Domanda di Marco M: Incipit, prima stesura?
Il telefono squillò alle cinque di mattina del 14 dicembre. Lo squillo insistenete rimbalzava sulle pareti della piccola stanza da letto, illuminata dalla fioca luce dello schermo della tv lasciata accesa. Ed Carlile si destò di soprassato, e subito si allungò sul materasso matrimoniale per raggiungere con il braccio il comodino più lontano. Afferrò con uno strattone la cornetta e se la portò violentemente all’orecchio, facendola urtare contro la tempia. Si dimenticò per un’istante della telefonata e, mentre si massaggiava la zona dolorante, una voce gracchiante lo chiamava con pacata insistenza dal ricevitore.
«Ed? Ed ci sei?»
«Si…», rispose, ancora leggermente intontito, la voce impastata dal sonno e dal troppo fumo. «Chi parla?»
«Sono io Ed, devi venire. Raggiungimi sulla 58, al miglio 12.»
«Mmmh…D’accordo. D’accordo arrivo, dammi una mezz’ora.»
«Sbrigati. Ci vediamo lì.»
«Mmmh.»

Karl Simmons chiusè il telefono cellulare con uno scatto del polso e se lo infilò nella giacca. Alzo lo sguardo e scrutò il cielo in cerca di una prospettiva meno tragica del previsto. Ma tutto era secondo previsioni: il cielo rosso e gonfio sembrava un cadavere affogato nella tintura. Erano tre giorni ormai che pioveva senza tregua, se non per qualche sporadica ora di apparente quiete, durante la quale i più ottimisti decidono di uscire senza l’ombrello. Poveri illusi. Ma povero anche Karl Simmons, che l’ombrello se lo porterebbe volentieri dietro, se mai si ricordasse di comprarne uno, o semplicemente di riprenderlo dopo averlo lasciato in qualche portaombrelli che non sia quello di casa sua.
Maledicendo la propria sbatadaggine si coprì la testa con una copia del grenson daily e scese con passettini lesti la scalinata che dava sulla strada, badando bene di poggiare i piedi sulle strisce di materiale anti-scivolo incollate su ogni gradino. Proprio sull’ultimo ebbe un cedimento. Il piede sinistro scivolò di qualche centimetro in avanti, obbligando Karl ad eseguire un poco elegante gesto inconsulto con gambe e braccia che lo portò sì a riequilibrarsi, ma come conseguenza gli fece scagliare in aria il giornale, che nonostante la pioggia battente si aprì e si sdoppiò in alcune pagine, ricadendogli addosso. Se non altro era ancora in piedi.
Imprecando a bassa voce percorse al trotto gli ultimi metri che lo separavano dall’automobile e vi si fiondò dentro.
«Tempo di *****!», esclamò passandosi una mano sulla testa, nel tentativo di scrollare i goccioloni che si erano insinuati fra i capelli. «Vai.», disse poi rivolgendosi al conducente.
L’auto si mise in moto e scomparve velocemente, confondendosi nella Babele d’acqua e luci artificiali della città ancora addormentata, mentre Karl Simmons pensava di essere fortunato ad avere il **** ancora asciutto.

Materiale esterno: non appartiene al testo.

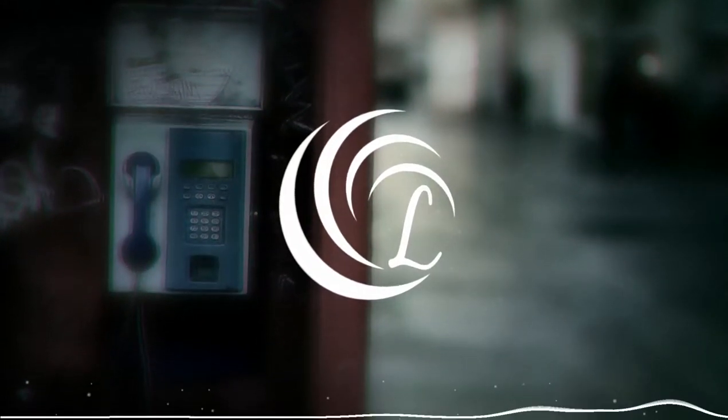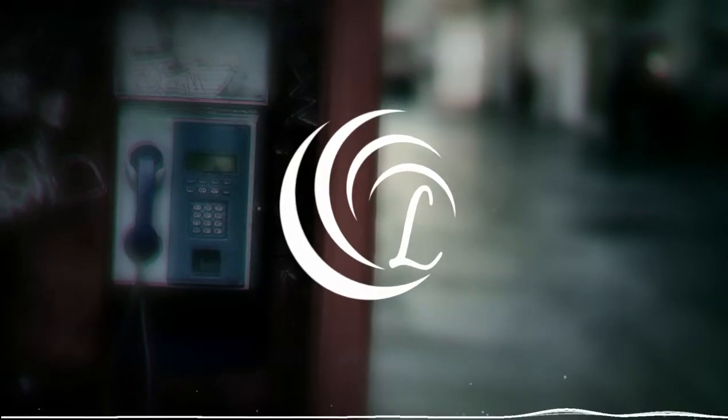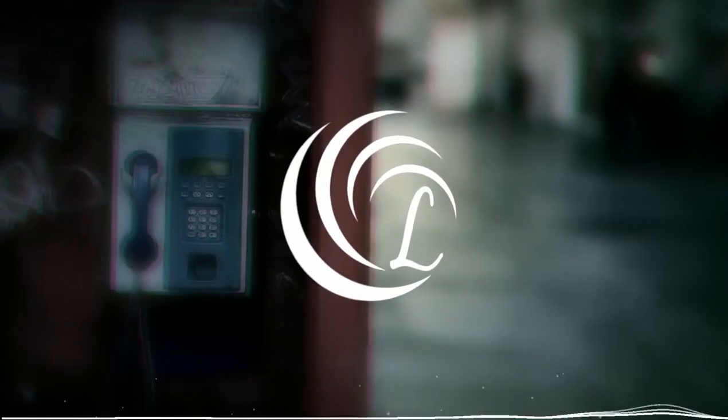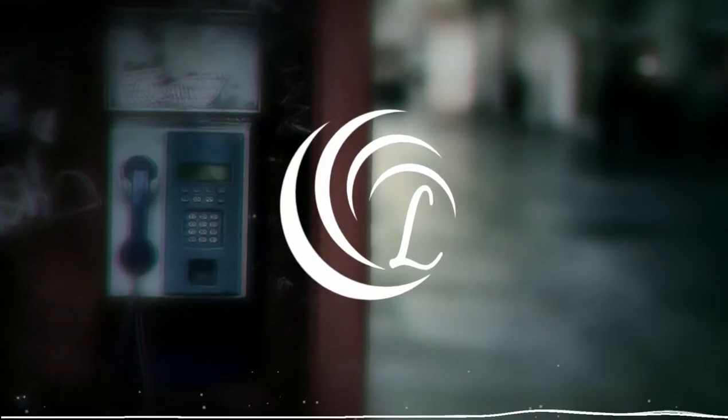We're sorry, you have reached a number that has been disconnected or is no longer in service.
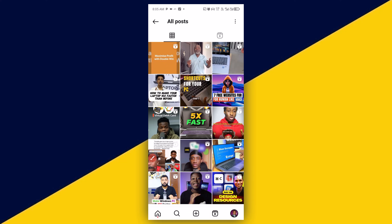So basically, this is how to see and save posts on Instagram. I hope you really got value from this video. If you found this video useful, give it a big like and remember to subscribe to the channel for more useful tutorials like this. Thank you so much for watching, and I hope to see you in my next video. Bye for now.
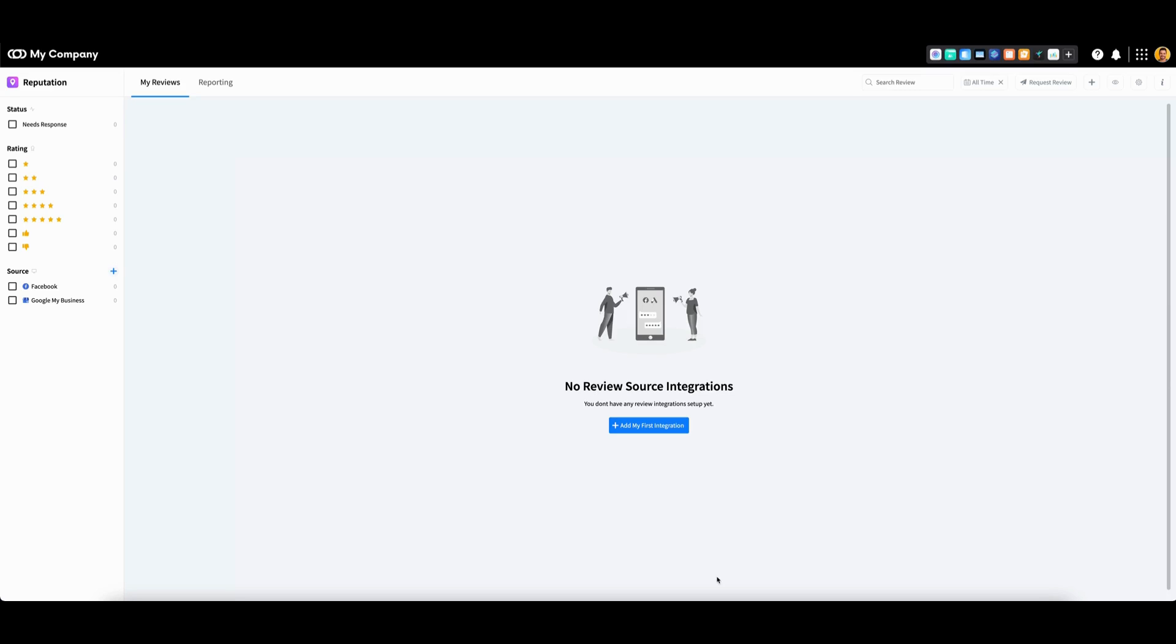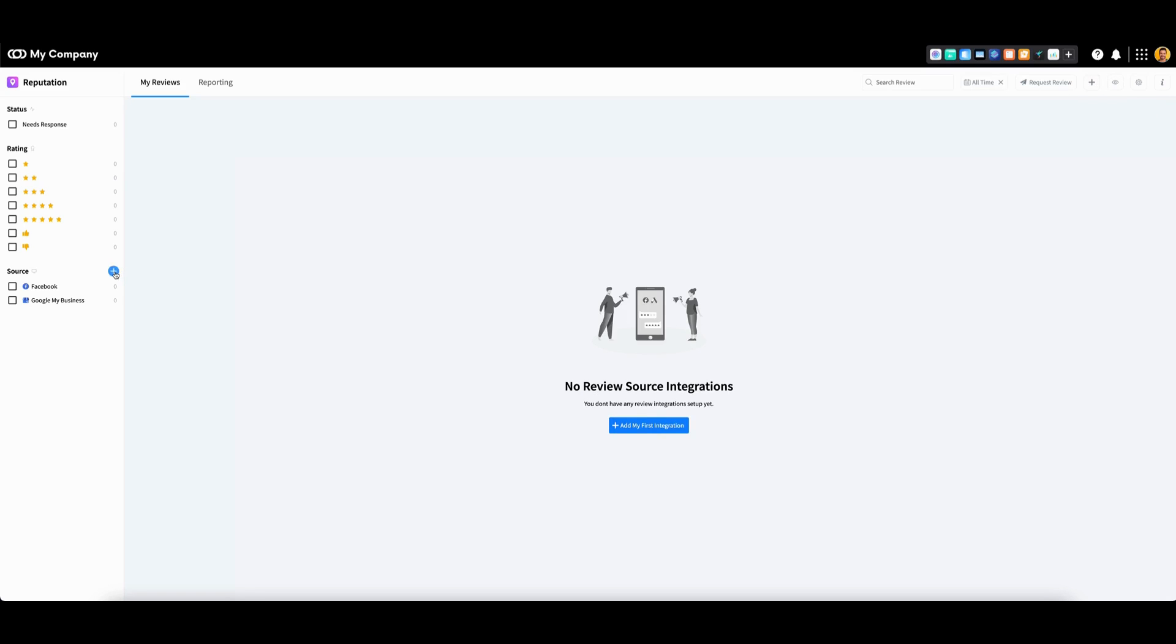If you have yet to connect an integration, click this button here. However, you can also go up top and click this icon or click this icon next to source.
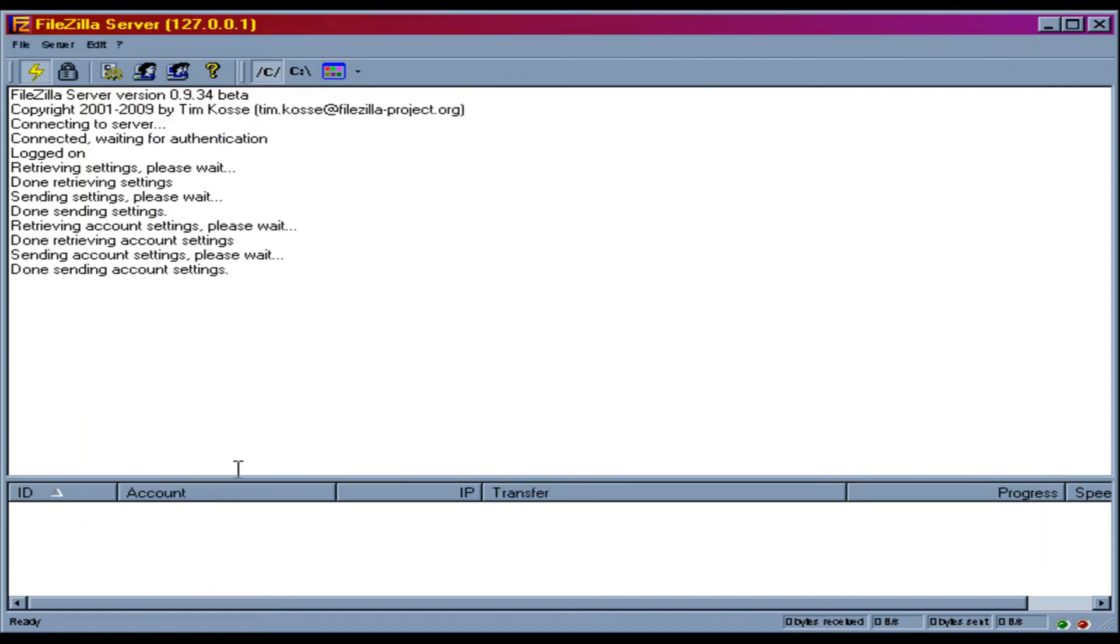And it's good to go. Your server is up and running. So that is how to set up FTP server.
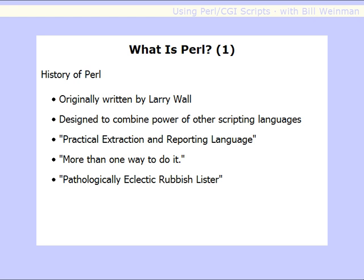Since most of what we're talking about in this course involves Perl in some manner or another, let's take just a moment and look at what Perl is, where it came from, and all of that. Perl was originally written by a guy named Larry Wall, who used to work at NASA. He worked on their Unix systems and wanted one tool that would do the job of a bunch of other tools, and so he wrote Perl.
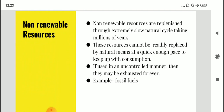Non-renewable resources are replenished through extremely slow natural cycles taking millions of years. As in the case of fossil fuels like coal and petroleum, these resources cannot be readily replaced by natural means at a quick enough pace to keep up with consumption. That is why consumption should be moderate — there should be optimal usage. If you start using them uncontrollably, they will be exhausted forever.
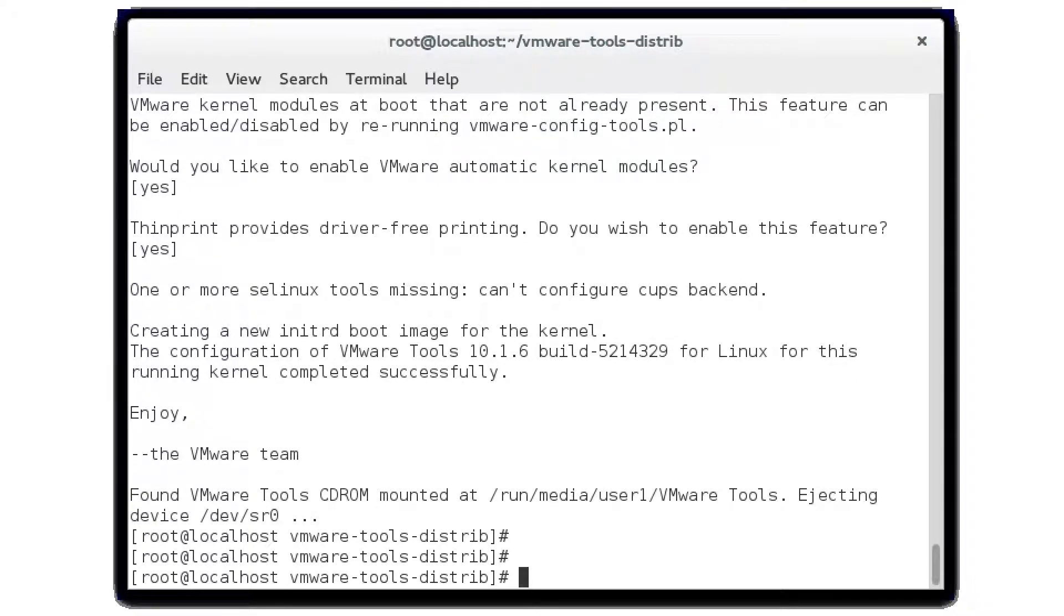Now, if you ever update your kernel, you need to run that VMware Tools installer again to be able to create the new modules for it.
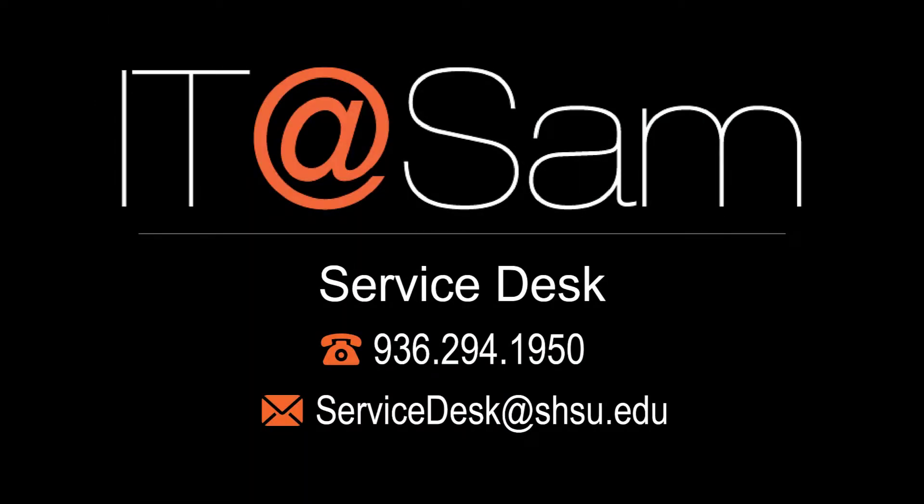As always, if you have any questions, you can contact the IT at SAM Service Desk at 936-294-1950 or servicedesk@shsu.edu.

Carlile uscì dal bagno con l’asciugamano legato in vita ed i piedi scalzi nonostante il pavimento in marmo, il viso e il torace imperlati di goccioline d’acqua fredda. Si avvicinò al grande armadio a parete che dominava la stanza e lo aprì. Nella parte destra erano appesi tutta una serie di completi ed abiti formali, con un unico paio di jeanes a fare da outsider. Al di sotto degli abiti era sitemata una cassettiera a tre cassetti: calze e mutande; camicie; e ancora camicie. La parte sinistra dell’armadio invece era completamente vuota, eccetto che per un portacravatte elettrico non più funzionante, e cinque paia di scarpe – anche qui un unico paio di scarpe da ginnastica cantava fuori dal coro – poggiate sul fondo, accanto alla cassettiera.
Scorse con una mano gli abiti ed estrasse dal mucchio un completo che gettò senza troppa cura sul letto ancora sfatto. Poi una cravatta che subì la stessa sorte, una camicia e la biancheria. Si vestì con automatici gesti di routine e si avvicinò ancora all’armadio per sistemarsi la cravatta davanti al grande specchio fissato all’anta di sinistra. Calzò le scarpe, spense la tv, e uscì dalla stanza.
Nel lavello della cucina un piatto langueva solitario con una forchetta come unica compagnia, e dal cestino dell’immondizia faceva capolino una confezione da tre wrustel per metà sepolta sotto una mezza dozzina di lattine di birra da discount. Si versò una tazza di caffè freddo risalente alla mattina prima e la bevve in due rapidi sorsi intervallati solo da un corto respiro. Non è il caffè, è la caffeina, pensò mentre la buttava giù guardando i goccioloni sbattere violentemente contro la finestra. Poggiò la tazza accanto al piatto nel lavello e vi lasciò scorrere dentro l’acqua per qualche secondo, poi raccolse il lungo impermeabile beige dalla spalliera della sedia e uscì di casa, tirandosi dietro la porta.
Sentitevi liberi di commentare e criticare. Mettetemi a parte di tutto quel che pensate riguardo a questo breve scritto.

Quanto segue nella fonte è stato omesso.